Providing useful information for the visitors and the users is of course an obvious requirement. However, nobody said that you couldn’t add a little extra flair to it on the sidelines.
If we’re being honest, visually pleasing READMEs do rock. So why not lean into that a bit more?
Let’s see about a neat little addition to your project’s README that will do the following:
Keep track of every stargazer of your repository.
Let’s get going 👇
First, create a little space at the bottom specifically for adding the usernames and their GitHub profile links to your README.
The best way to do this is how I’ve done it with my repository: Data Another Day (which also recently reached 100th star by the way :)
After that, we are good to go ahead and configure a way to add any new people who star our repository to the bottom of that heading.
The shortest, cleanest, and the most intuitive way to do this as I’ve found is with GitHub Actions.
First define a new workflow file in the folder .github/workflows of the root of your GitHub project called addstars.yml.
Now, let’s add some yaml code to this file.
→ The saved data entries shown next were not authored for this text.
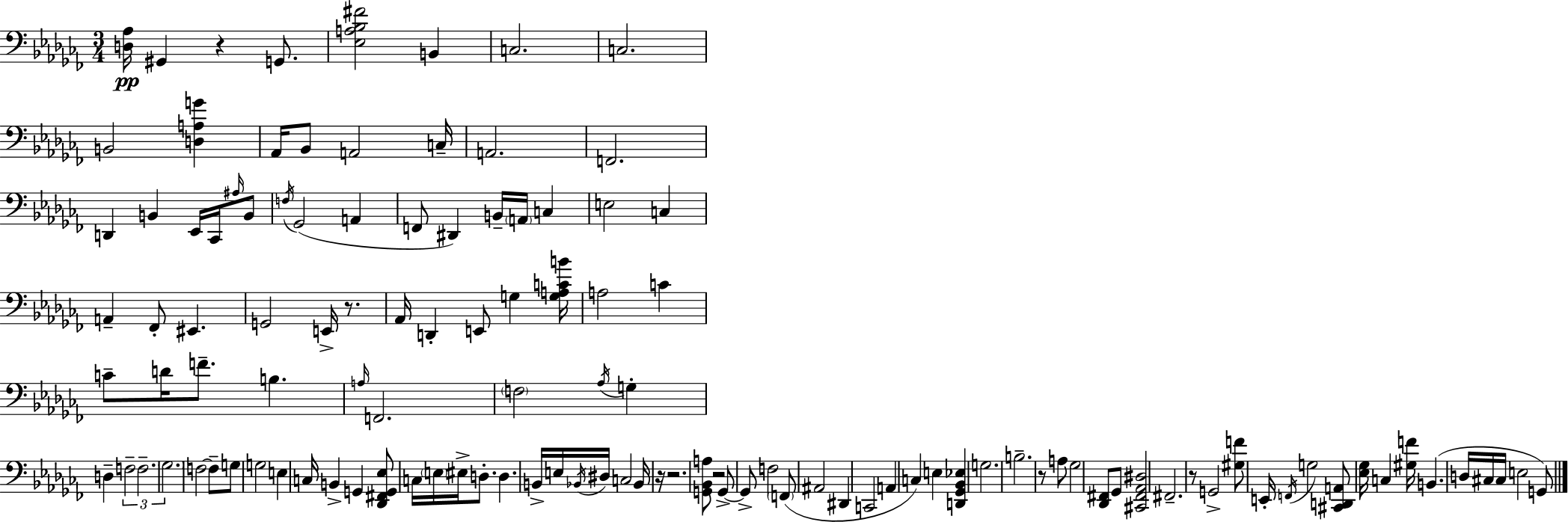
{
  \clef bass
  \numericTimeSignature
  \time 3/4
  \key aes \minor
  <d aes>16\pp gis,4 r4 g,8. | <ees a bes fis'>2 b,4 | c2. | c2. | \break b,2 <d a g'>4 | aes,16 bes,8 a,2 c16-- | a,2. | f,2. | \break d,4 b,4 ees,16 ces,16 \grace { ais16 } b,8 | \acciaccatura { f16 }( ges,2 a,4 | f,8 dis,4) b,16-- \parenthesize a,16 c4 | e2 c4 | \break a,4-- fes,8-. eis,4. | g,2 e,16-> r8. | aes,16 d,4-. e,8 g4 | <g a c' b'>16 a2 c'4 | \break c'8-- d'16 f'8.-- b4. | \grace { a16 } f,2. | \parenthesize f2 \acciaccatura { aes16 } | g4-. d4-- \tuplet 3/2 { f2-- | \break f2.-- | \parenthesize ges2. } | f2~~ | f8-- g8 g2 | \break e4 c16 b,4-> g,4 | <des, fis, g, ees>8 c16 \parenthesize e16 eis16-> d8.-. d4. | b,16-> e16 \acciaccatura { bes,16 } dis16 c2 | bes,16 r16 r2. | \break <g, bes, a>8 r2 | g,8->~~ g,8-> f2 | \parenthesize f,8( ais,2 | dis,4 c,2 | \break a,4 c4) e4 | <d, ges, bes, ees>4 g2. | b2.-- | r8 a8 ges2 | \break <des, fis,>8 ges,8 <cis, fis, aes, dis>2 | fis,2.-- | r8 g,2-> | <gis f'>8 e,16-. \acciaccatura { f,16 } g2 | \break <cis, d, a,>8 <ees ges>16 c4 <gis f'>16 b,4.( | d16 cis16 cis16 e2 | g,8) \bar "|."
}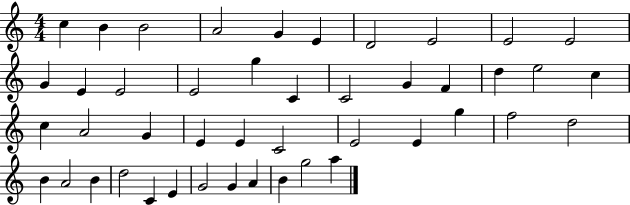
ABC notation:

X:1
T:Untitled
M:4/4
L:1/4
K:C
c B B2 A2 G E D2 E2 E2 E2 G E E2 E2 g C C2 G F d e2 c c A2 G E E C2 E2 E g f2 d2 B A2 B d2 C E G2 G A B g2 a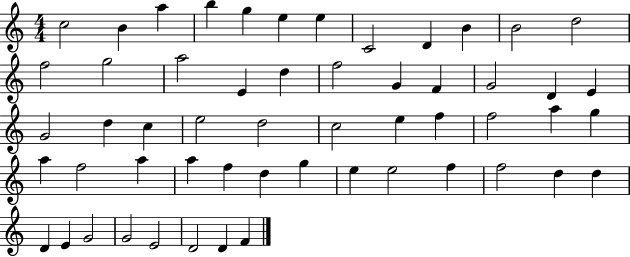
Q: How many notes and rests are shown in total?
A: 55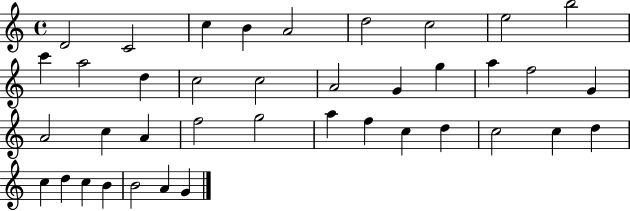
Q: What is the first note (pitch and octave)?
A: D4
Here are the things we want to do stepwise:
Create a workflow trigger
Make sure the trigger works when someone stars the project repository
Define a default runner
Create a job to add stars: add GitHub profile link to README
Commit new changes to README
Great. Let’s see how each of them look like in our yaml file:
The first step is obviously creating a workflow trigger, and making sure that the trigger works on starring the repository. We do it like this:
name: Add Stars
on:
watch:
types: [started]
workflow_dispatch:
name defines the name of the workflow
on: is the trigger for the workflow. We define two triggers as you can see:
watch trigger to make sure the starring action works
workflow_dispatch trigger to just test the action out by running it manually from the Actions tab in the repository.
Now, we can go ahead and define a new job.
Here is the full job:
jobs:
addstars:
runs-on: ubuntu-latest
steps:
- uses: actions/checkout@v1
- name: Add Stars to Readme
run: |
echo -e ":star: [@${{github.actor}}](https://github.com/${{github.actor}})\t" >> README.md
- name: Commit changes
uses: elstudio/actions-js-build/commit@v2
env:
GITHUB_TOKEN: ${{ secrets.GITHUB_TOKEN }}
PUSH_BRANCH: 'main'
This workflow runs on a simple Ubuntu OS runner.
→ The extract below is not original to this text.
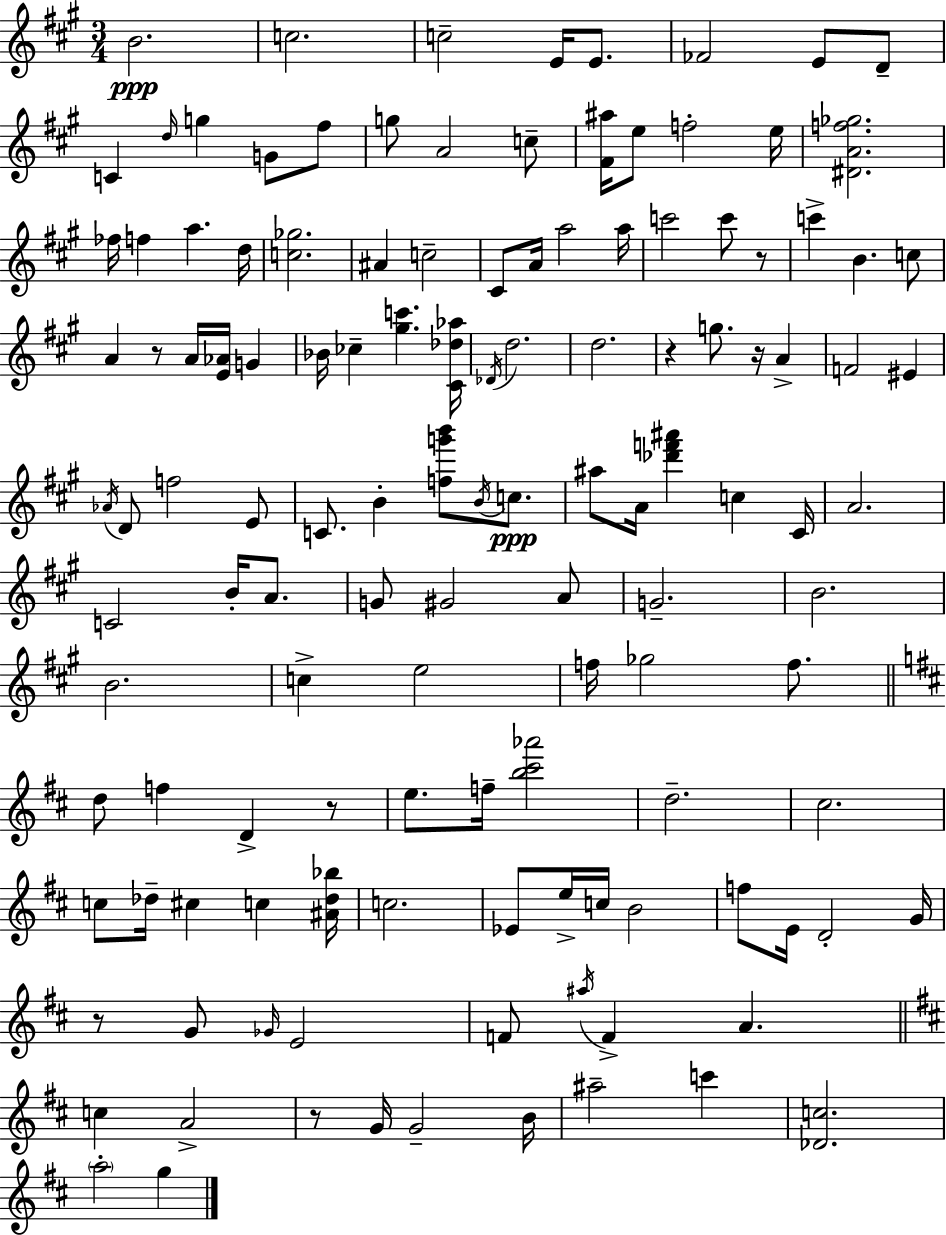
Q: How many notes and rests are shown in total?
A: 127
Now, we define the first step called Add Stars to Readme for adding the stargazer to the README. We do this by getting the name of the GitHub actor (the username) of the person and appending it simply to the README.md by the echo >> command.
We also make sure to do this in the Markdown fashion, meaning like this: [username](URL to profile).
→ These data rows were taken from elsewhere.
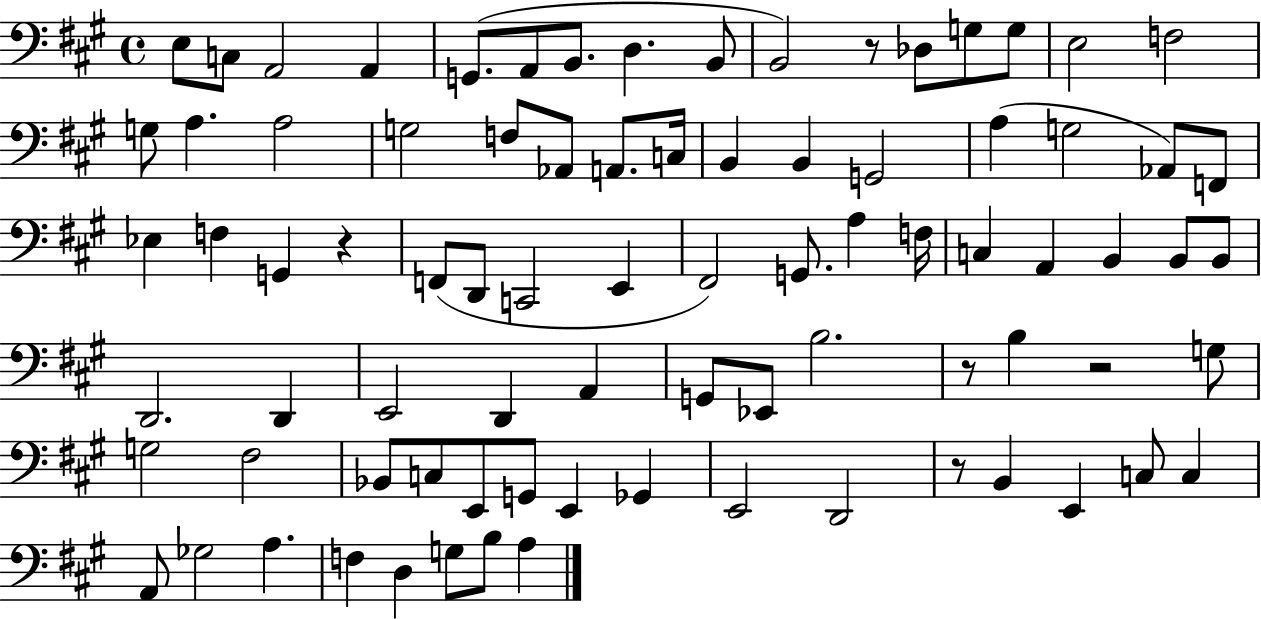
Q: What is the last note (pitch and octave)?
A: A3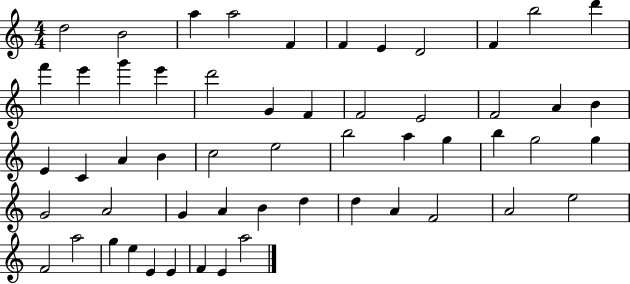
{
  \clef treble
  \numericTimeSignature
  \time 4/4
  \key c \major
  d''2 b'2 | a''4 a''2 f'4 | f'4 e'4 d'2 | f'4 b''2 d'''4 | \break f'''4 e'''4 g'''4 e'''4 | d'''2 g'4 f'4 | f'2 e'2 | f'2 a'4 b'4 | \break e'4 c'4 a'4 b'4 | c''2 e''2 | b''2 a''4 g''4 | b''4 g''2 g''4 | \break g'2 a'2 | g'4 a'4 b'4 d''4 | d''4 a'4 f'2 | a'2 e''2 | \break f'2 a''2 | g''4 e''4 e'4 e'4 | f'4 e'4 a''2 | \bar "|."
}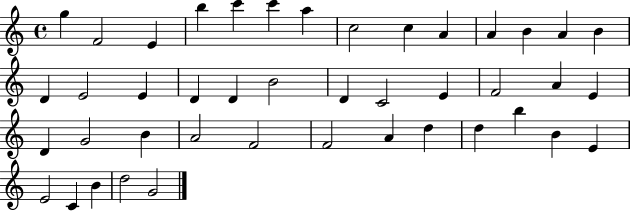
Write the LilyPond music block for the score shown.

Now, in the second and last step, we use a commit action to push our new changes to our desired branch. My branch here is main but make sure to change it to what you need. (It could be ‘master’ in your case!)
Now, simply commit the addstars.yml file to your branch and ask a friend to star your repository or just manually run your workflow from the Actions tab like this:
Now see the output at my repository (by starring it if you haven’t already :P https://github.com/yashprakash13/data-another-day):
Awesome, we have now added a little spice to our GitHub README. Congrats on following along!